◆ Given information
-.-.-
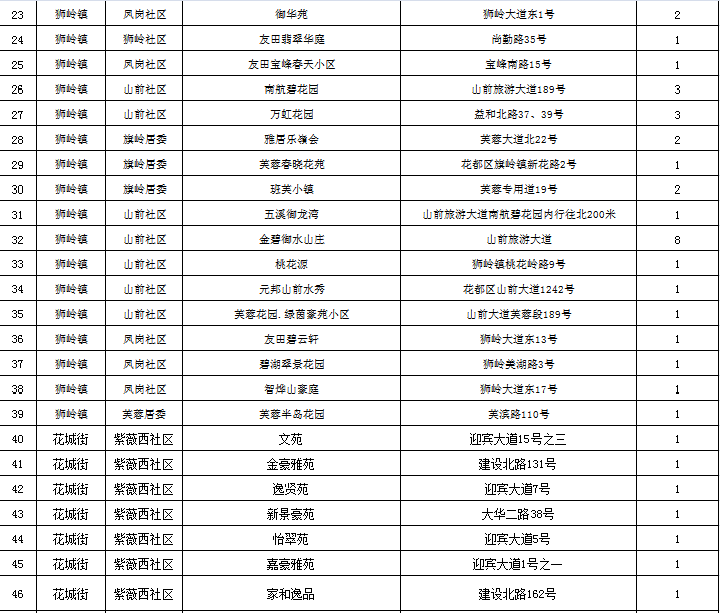 闲置衣服有去处,花都新增326个旧衣回收箱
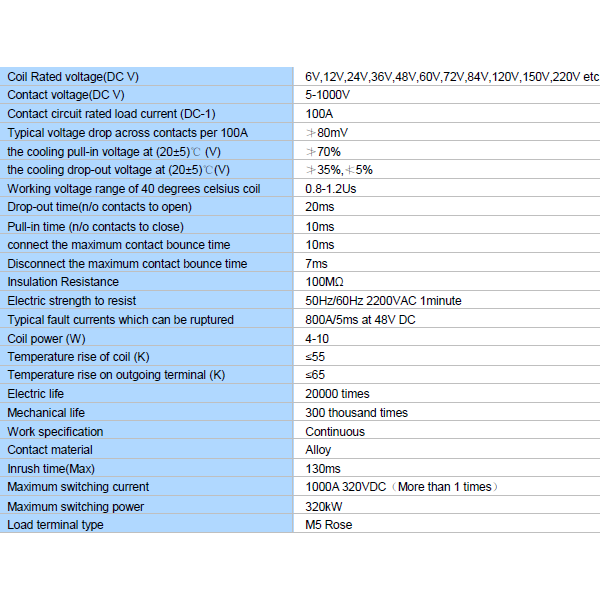 Relé de batería de litio 100AD HV CC - Imagen 3
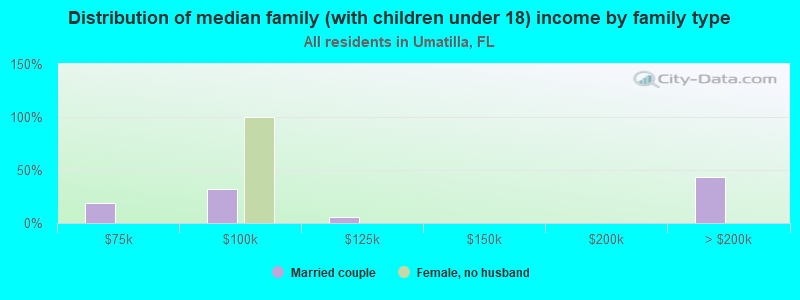 Distribution of median family (with children under 18) income by family type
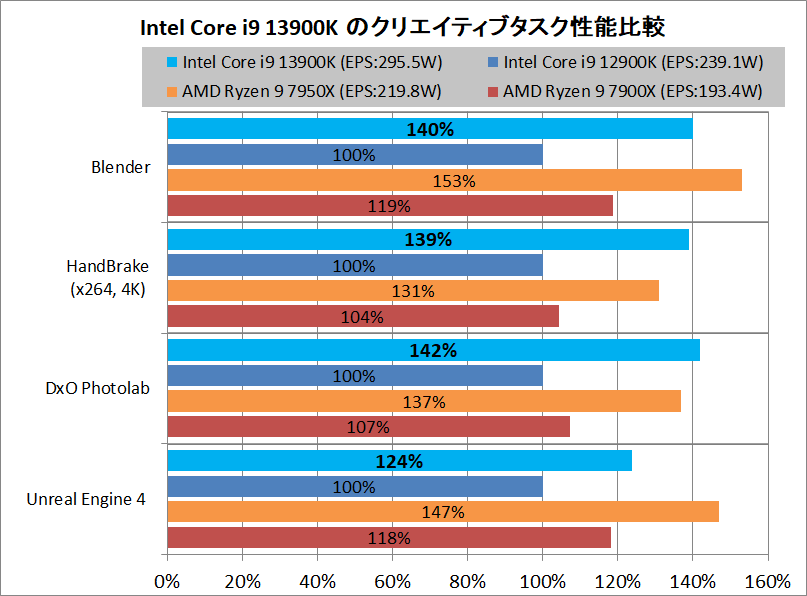 Intel Core i9 13900K_Performance_vs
-.-.-
◆ Required work
Pictures stay out; everything else in the listing above is to be repeated exactly.

◆ Finished exercise
 闲置衣服有去处,花都新增326个旧衣回收箱
 Relé de batería de litio 100AD HV CC - Imagen 3
 Distribution of median family (with children under 18) income by family type
 Intel Core i9 13900K_Performance_vs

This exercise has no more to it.